WHAT NEEDS TO BE DONE: As written and without pictures, set down the lines from the one that contains "Todeco Estendal, VaralMaterial" through the end of the data.

GIVEN DATA:
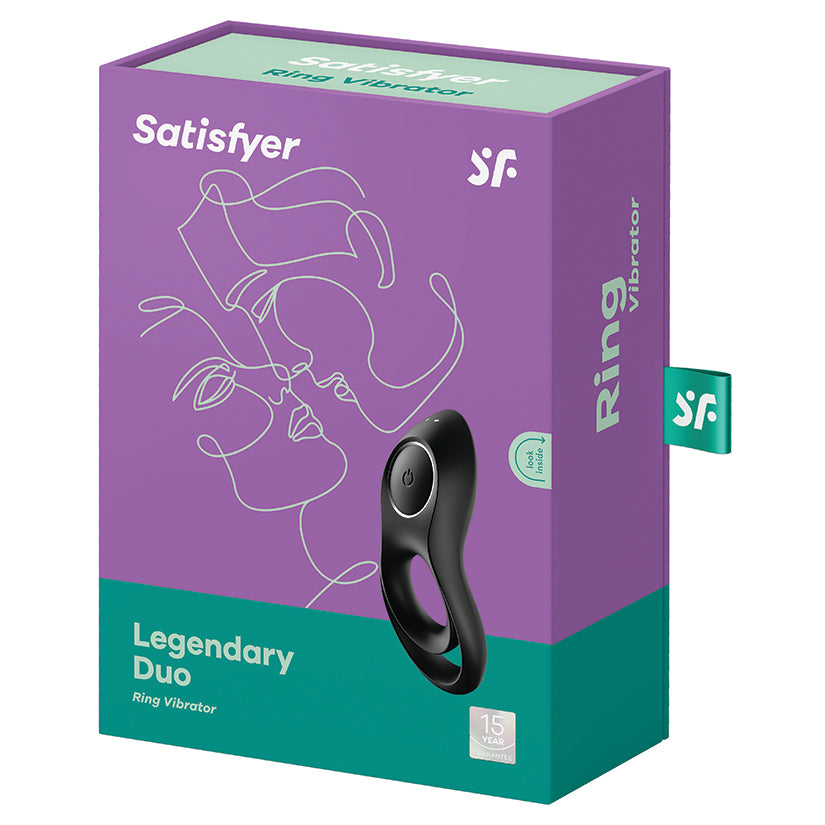 Satisfyer Legendary Duo Vibrating Cock Ring packaging with sleek design for enhanced intimate experiences.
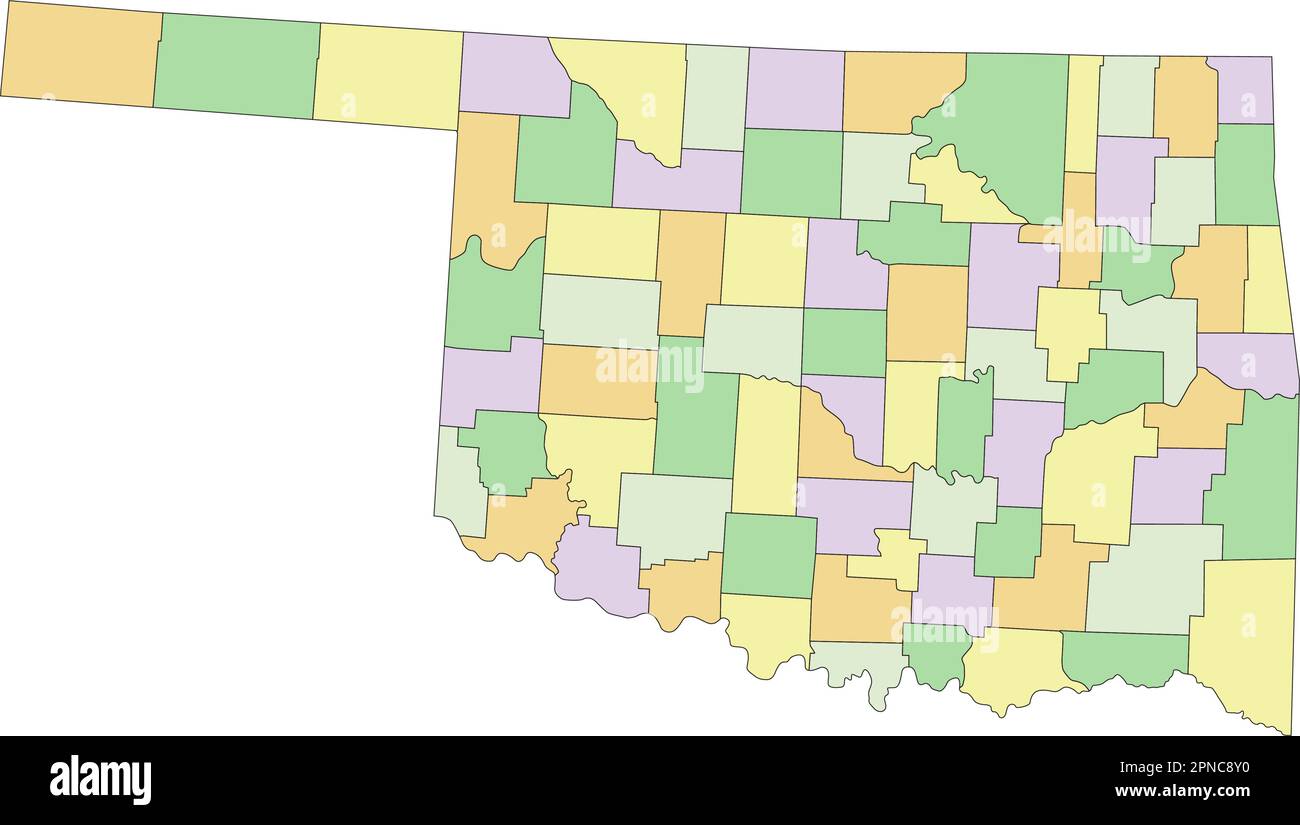 Oklahoma - Highly Detailed Editable Political Map Stock Vector Image ...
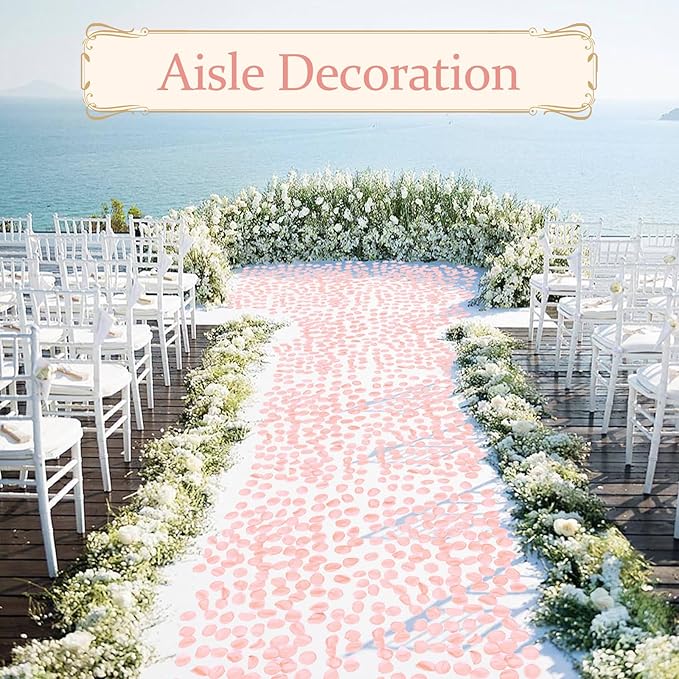 300pcs Blush Faux Silk Rose Petals for Wedding Aisle Scatter, Flower Girl Basket, Table Centerpieces, Bridal Shower, and Romantic Party Decor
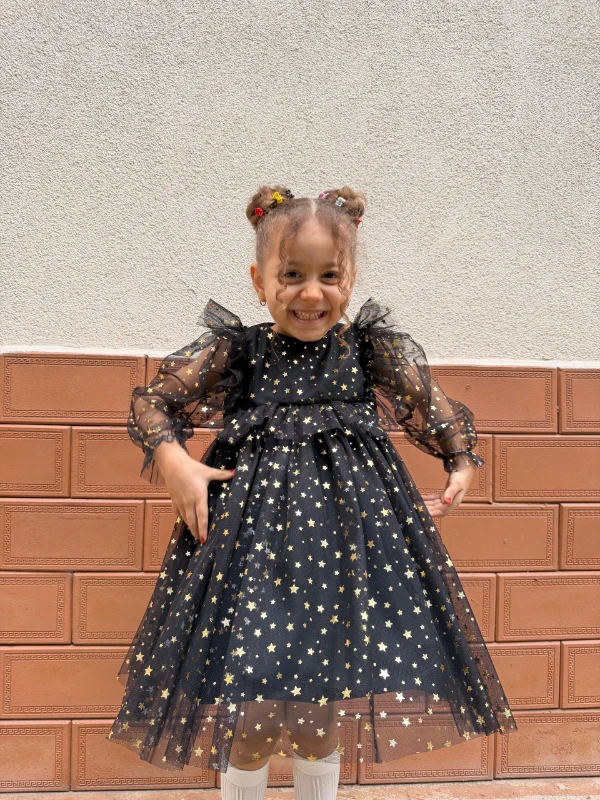 Kız Bebek Çocuk Yıldızlı Tüllü Uzun Kollu Penye Astarlı Doğum Günü Özel Gün Parti Bayramlık Elbise - SİYAH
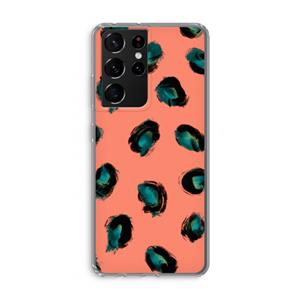 CaseCompany Pink Cheetah: Samsung Galaxy S21 Ultra Transparant Hoesje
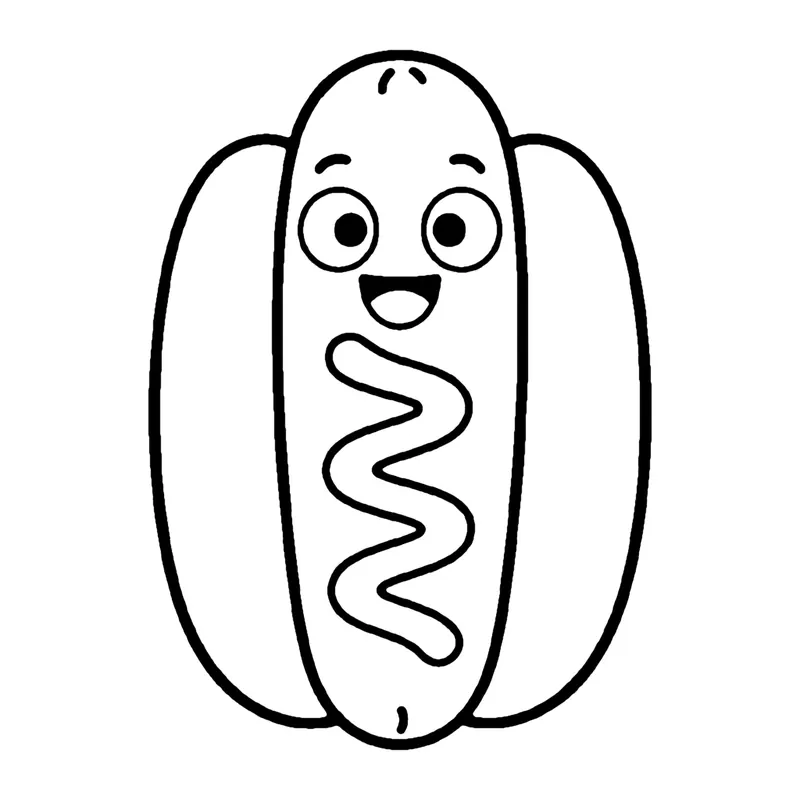 Line drawing of a smiling hot dog in a bun with a zigzag line of mustard down the middle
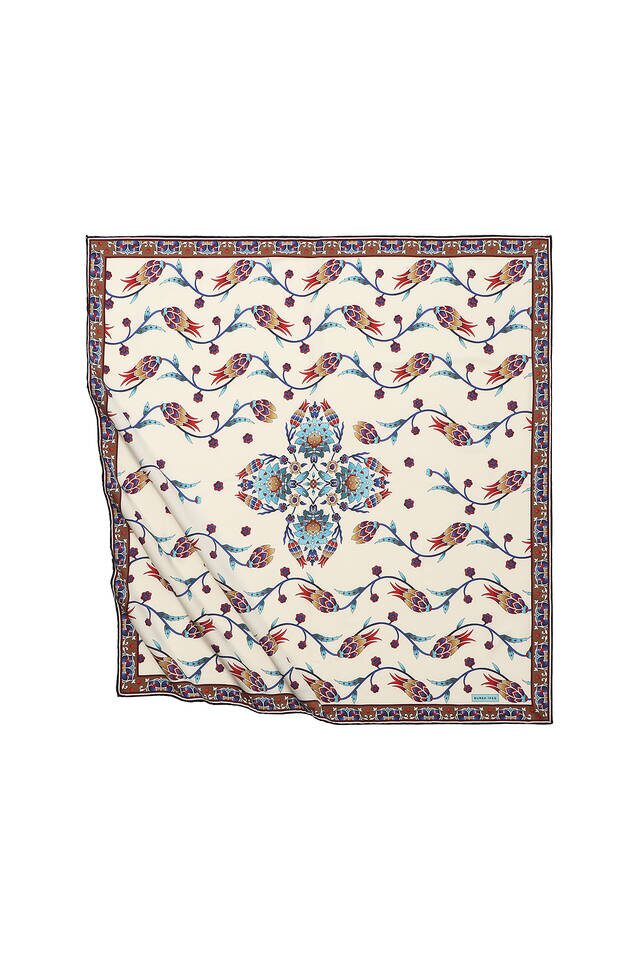 وشاح مربع حريري بنمط توليب بني - Bursa İpek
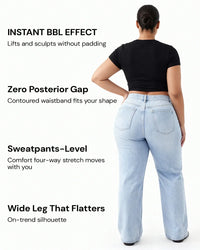 Linnea – Mid Rise BBL Wide Leg Jeans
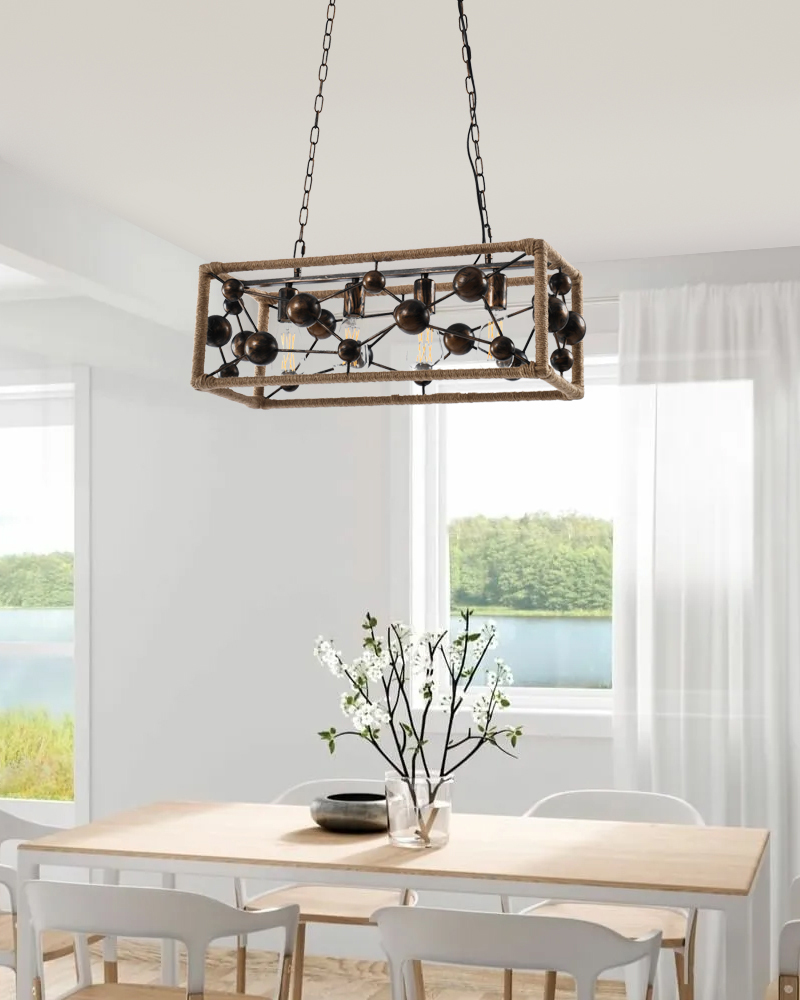 industrial-style chandelier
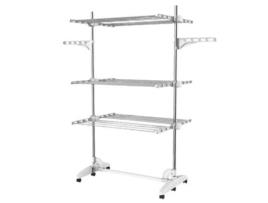 Todeco Estendal, VaralMaterial Tubos de aço inoxidávelCarga máxima 3 kg por barra de suporte3 prateleiras, Branco, com abas - Branco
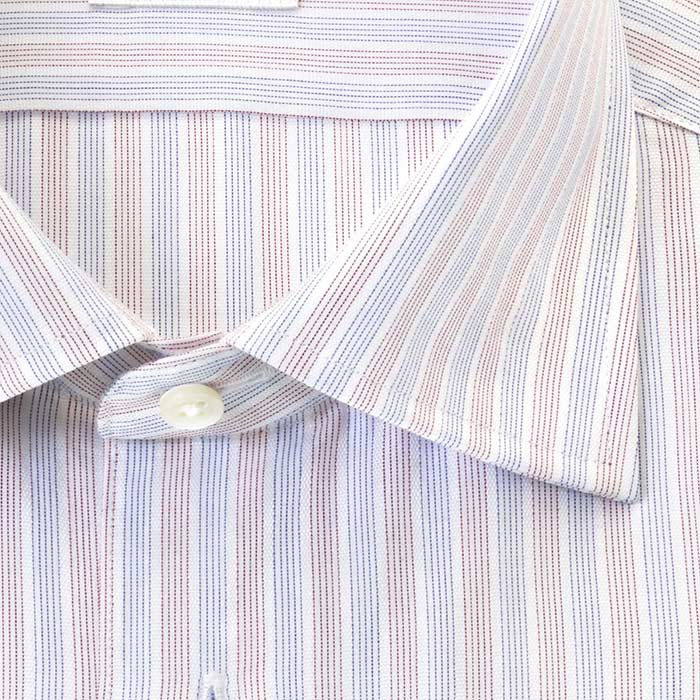 CHOYA Classic Style 長袖ワイドカラー ブルー スリムフィット ワイシャツ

ANSWER FOR THIS EXERCISE:
 Todeco Estendal, VaralMaterial Tubos de aço inoxidávelCarga máxima 3 kg por barra de suporte3 prateleiras, Branco, com abas - Branco
 CHOYA Classic Style 長袖ワイドカラー ブルー スリムフィット ワイシャツ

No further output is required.